Keturah's children did not inherit, though ― everything went to Isaac (although Keturah's posterity did receive some nice parting gifts, Gen. 25:5-6).

According to Jewish rabbis, the name "Keturah" means "binding" or "sealing."  Do you find that intriguing?

In the Doctrine and Covenants, the Lord says we "must needs be chastened and tried, even as Abraham" (D&C 101:4).

As I've studied Abraham's life, spreading it all out on the table from beginning to end as if unraveling a scroll, I realized his life was a living chiasmus of chastisement; Abraham had great faith, although he was not perfect.

   *****
(A) Sacrifice.  The priests try to sacrifice Abraham upon the altar to the gods (Abr. 1).

(B) Exile.  Abraham leaves his family and hometown to go into an unknown land (Gen. 12:1).

(C) Bondage.  Sarah's abduction into Pharaoh's palace (Gen. 12:15).
 
(D) Deliverance.  Abraham's battle against "the four kings" in order to rescue his nephew Lot (Gen. 14).
 
(E) Covenant.  Abram was 99 years old when he received a new name.  The sign of covenant was circumcision (Gen. 17).  The first thing Abraham did was circumcise himself and Ishmael (who was thus covered by the promises, if not the inheritor of them).

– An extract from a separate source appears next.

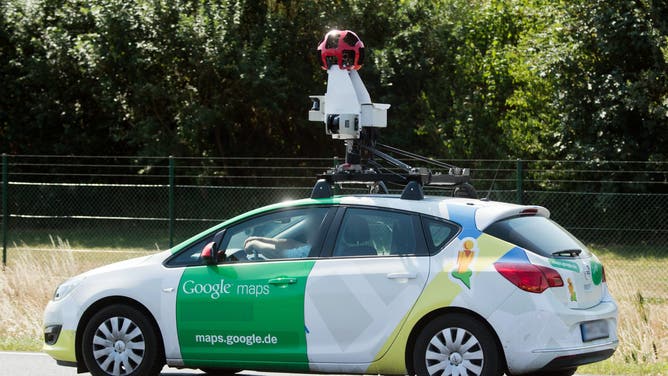 Iowa Woman Goes Viral Flashing Her Boobs At A Google Maps Camera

Please don't forget Sarai, who received a new name, too: Sarah.  She was promised to become "a mother of nations."

You'd think at this point Abraham and Sarah would have "made it," right?  I mean, they've received a covenant (an order) and a new name; I would like to think Abraham and Sarah deserved their happy ending.  Well, not so fast.

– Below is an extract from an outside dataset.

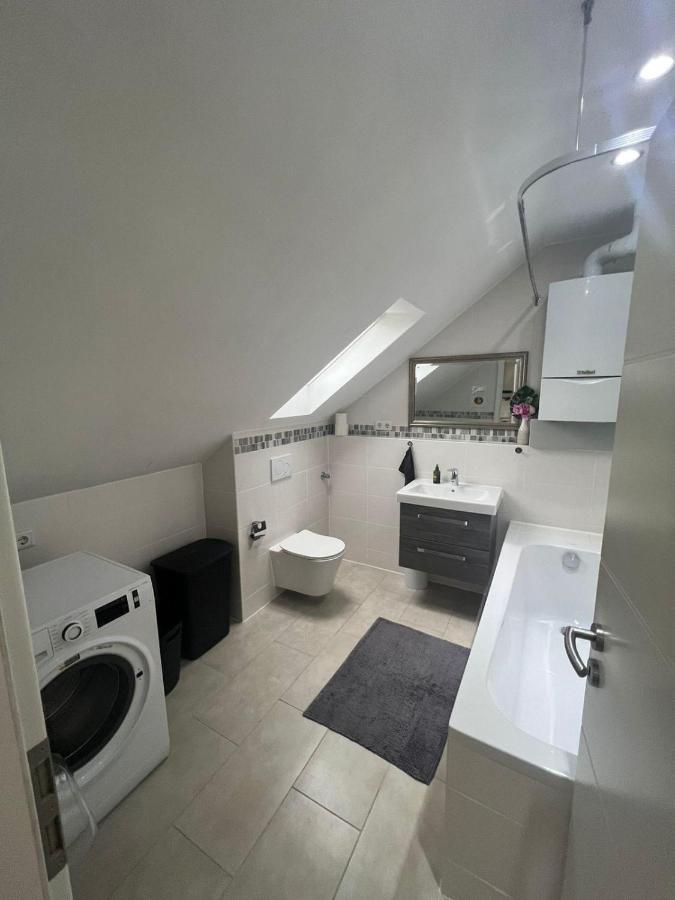 Zentral Gelegenes Apartment In Moenchengladbach Mit W-Lan Exterior foto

(DD) Deliverance.  Abraham barters/pleads with the Lord to deliver Lot from Sodom, and so the Lord sends angels to spare Lot's family (Gen. 18-19).

(CC) Bondage.  Sarah's abduction into Abimelech's palace (Gen. 20:2).

(BB) Exile.  Abraham expels Hagar and Ishmael from his home (Gen. 21:9-14).

(AA) Sacrifice.  The binding and sacrifice of Isaac on Mount Moriah (Gen. 22:1-19).

   *****
The same pattern, incidentally, was reflected in Moses's life.

Just when we think we've "made it," having climbed to the top of the mountain (ascent), we realize we've got to go back down (descent) the other side.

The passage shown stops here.